• **DATASET EXTRACT**
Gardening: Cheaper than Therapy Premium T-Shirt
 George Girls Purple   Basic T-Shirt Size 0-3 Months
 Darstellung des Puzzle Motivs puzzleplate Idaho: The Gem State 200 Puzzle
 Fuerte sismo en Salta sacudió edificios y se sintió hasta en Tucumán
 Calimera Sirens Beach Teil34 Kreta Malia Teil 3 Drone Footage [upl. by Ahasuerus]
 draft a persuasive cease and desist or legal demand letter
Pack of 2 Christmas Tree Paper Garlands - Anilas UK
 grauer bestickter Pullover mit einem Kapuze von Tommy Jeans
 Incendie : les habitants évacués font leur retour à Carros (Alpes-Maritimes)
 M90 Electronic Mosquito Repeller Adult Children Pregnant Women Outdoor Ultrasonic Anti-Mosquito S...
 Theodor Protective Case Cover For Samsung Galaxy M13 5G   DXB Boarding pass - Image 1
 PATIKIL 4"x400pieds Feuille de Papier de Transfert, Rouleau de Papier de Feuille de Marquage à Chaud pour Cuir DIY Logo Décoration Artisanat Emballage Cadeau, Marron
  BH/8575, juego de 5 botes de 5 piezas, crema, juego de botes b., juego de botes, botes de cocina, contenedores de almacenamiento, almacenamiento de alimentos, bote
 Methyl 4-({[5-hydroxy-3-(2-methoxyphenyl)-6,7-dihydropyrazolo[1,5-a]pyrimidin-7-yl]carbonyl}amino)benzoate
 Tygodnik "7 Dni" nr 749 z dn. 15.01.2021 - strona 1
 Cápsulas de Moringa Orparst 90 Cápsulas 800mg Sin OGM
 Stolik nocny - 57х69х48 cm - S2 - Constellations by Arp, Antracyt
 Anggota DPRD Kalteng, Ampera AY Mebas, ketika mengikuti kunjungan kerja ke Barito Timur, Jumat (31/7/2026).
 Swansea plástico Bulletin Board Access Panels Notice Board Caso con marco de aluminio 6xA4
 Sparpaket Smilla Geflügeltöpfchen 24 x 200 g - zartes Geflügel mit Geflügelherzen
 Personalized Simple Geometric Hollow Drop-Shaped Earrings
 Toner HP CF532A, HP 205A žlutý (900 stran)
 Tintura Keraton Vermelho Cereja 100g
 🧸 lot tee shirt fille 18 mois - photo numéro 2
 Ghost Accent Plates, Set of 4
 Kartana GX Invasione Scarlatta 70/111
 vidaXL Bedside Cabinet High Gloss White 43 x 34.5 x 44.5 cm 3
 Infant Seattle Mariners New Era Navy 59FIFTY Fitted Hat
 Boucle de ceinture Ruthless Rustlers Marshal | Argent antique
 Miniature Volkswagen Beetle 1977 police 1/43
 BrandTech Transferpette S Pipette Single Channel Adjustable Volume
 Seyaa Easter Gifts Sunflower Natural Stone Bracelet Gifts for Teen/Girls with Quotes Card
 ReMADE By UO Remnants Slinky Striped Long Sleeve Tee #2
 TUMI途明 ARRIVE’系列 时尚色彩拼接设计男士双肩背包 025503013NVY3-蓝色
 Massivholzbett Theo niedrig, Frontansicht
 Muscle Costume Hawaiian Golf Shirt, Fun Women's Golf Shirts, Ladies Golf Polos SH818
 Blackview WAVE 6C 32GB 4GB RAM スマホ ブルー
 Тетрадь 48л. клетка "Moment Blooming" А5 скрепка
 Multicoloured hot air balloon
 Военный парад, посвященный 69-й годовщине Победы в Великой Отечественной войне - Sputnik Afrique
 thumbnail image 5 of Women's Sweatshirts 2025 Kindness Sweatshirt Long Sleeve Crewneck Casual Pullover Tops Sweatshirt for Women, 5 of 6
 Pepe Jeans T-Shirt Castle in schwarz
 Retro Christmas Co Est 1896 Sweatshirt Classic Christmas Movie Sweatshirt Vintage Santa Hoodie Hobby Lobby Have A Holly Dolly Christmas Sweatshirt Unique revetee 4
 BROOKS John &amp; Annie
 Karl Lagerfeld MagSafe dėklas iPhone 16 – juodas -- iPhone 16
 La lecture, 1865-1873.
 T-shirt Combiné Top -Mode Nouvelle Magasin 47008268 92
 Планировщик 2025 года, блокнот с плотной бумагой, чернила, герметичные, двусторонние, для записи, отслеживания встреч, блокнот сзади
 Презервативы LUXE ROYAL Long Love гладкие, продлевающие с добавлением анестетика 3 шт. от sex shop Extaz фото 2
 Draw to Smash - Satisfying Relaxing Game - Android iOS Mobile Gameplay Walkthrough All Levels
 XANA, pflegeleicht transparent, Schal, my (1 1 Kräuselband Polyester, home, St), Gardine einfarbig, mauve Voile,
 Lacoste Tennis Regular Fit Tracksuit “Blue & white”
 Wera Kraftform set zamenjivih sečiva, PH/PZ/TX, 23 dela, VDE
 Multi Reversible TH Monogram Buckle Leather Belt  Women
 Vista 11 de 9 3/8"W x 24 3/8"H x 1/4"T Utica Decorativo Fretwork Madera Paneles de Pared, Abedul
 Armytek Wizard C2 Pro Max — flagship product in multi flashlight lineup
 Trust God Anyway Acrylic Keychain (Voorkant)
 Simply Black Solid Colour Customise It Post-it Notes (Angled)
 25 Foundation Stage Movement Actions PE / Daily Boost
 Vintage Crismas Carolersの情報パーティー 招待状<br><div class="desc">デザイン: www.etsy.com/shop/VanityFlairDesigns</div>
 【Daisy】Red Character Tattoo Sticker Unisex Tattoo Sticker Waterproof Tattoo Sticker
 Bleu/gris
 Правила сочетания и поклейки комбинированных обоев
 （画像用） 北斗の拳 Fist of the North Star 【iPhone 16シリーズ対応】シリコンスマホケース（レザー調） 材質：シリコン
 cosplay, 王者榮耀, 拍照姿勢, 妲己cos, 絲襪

• **WHAT IS NEEDED**
Retype exactly the span of lines from the one with "Infant Seattle Mariners" through the one with "T-shirt Combiné Top"; include both ends and omit the rest of the material.

• **ANSWER TO THE EXERCISE**
 Infant Seattle Mariners New Era Navy 59FIFTY Fitted Hat
 Boucle de ceinture Ruthless Rustlers Marshal | Argent antique
 Miniature Volkswagen Beetle 1977 police 1/43
 BrandTech Transferpette S Pipette Single Channel Adjustable Volume
 Seyaa Easter Gifts Sunflower Natural Stone Bracelet Gifts for Teen/Girls with Quotes Card
 ReMADE By UO Remnants Slinky Striped Long Sleeve Tee #2
 TUMI途明 ARRIVE’系列 时尚色彩拼接设计男士双肩背包 025503013NVY3-蓝色
 Massivholzbett Theo niedrig, Frontansicht
 Muscle Costume Hawaiian Golf Shirt, Fun Women's Golf Shirts, Ladies Golf Polos SH818
 Blackview WAVE 6C 32GB 4GB RAM スマホ ブルー
 Тетрадь 48л. клетка "Moment Blooming" А5 скрепка
 Multicoloured hot air balloon
 Военный парад, посвященный 69-й годовщине Победы в Великой Отечественной войне - Sputnik Afrique
 thumbnail image 5 of Women's Sweatshirts 2025 Kindness Sweatshirt Long Sleeve Crewneck Casual Pullover Tops Sweatshirt for Women, 5 of 6
 Pepe Jeans T-Shirt Castle in schwarz
 Retro Christmas Co Est 1896 Sweatshirt Classic Christmas Movie Sweatshirt Vintage Santa Hoodie Hobby Lobby Have A Holly Dolly Christmas Sweatshirt Unique revetee 4
 BROOKS John &amp; Annie
 Karl Lagerfeld MagSafe dėklas iPhone 16 – juodas -- iPhone 16
 La lecture, 1865-1873.
 T-shirt Combiné Top -Mode Nouvelle Magasin 47008268 92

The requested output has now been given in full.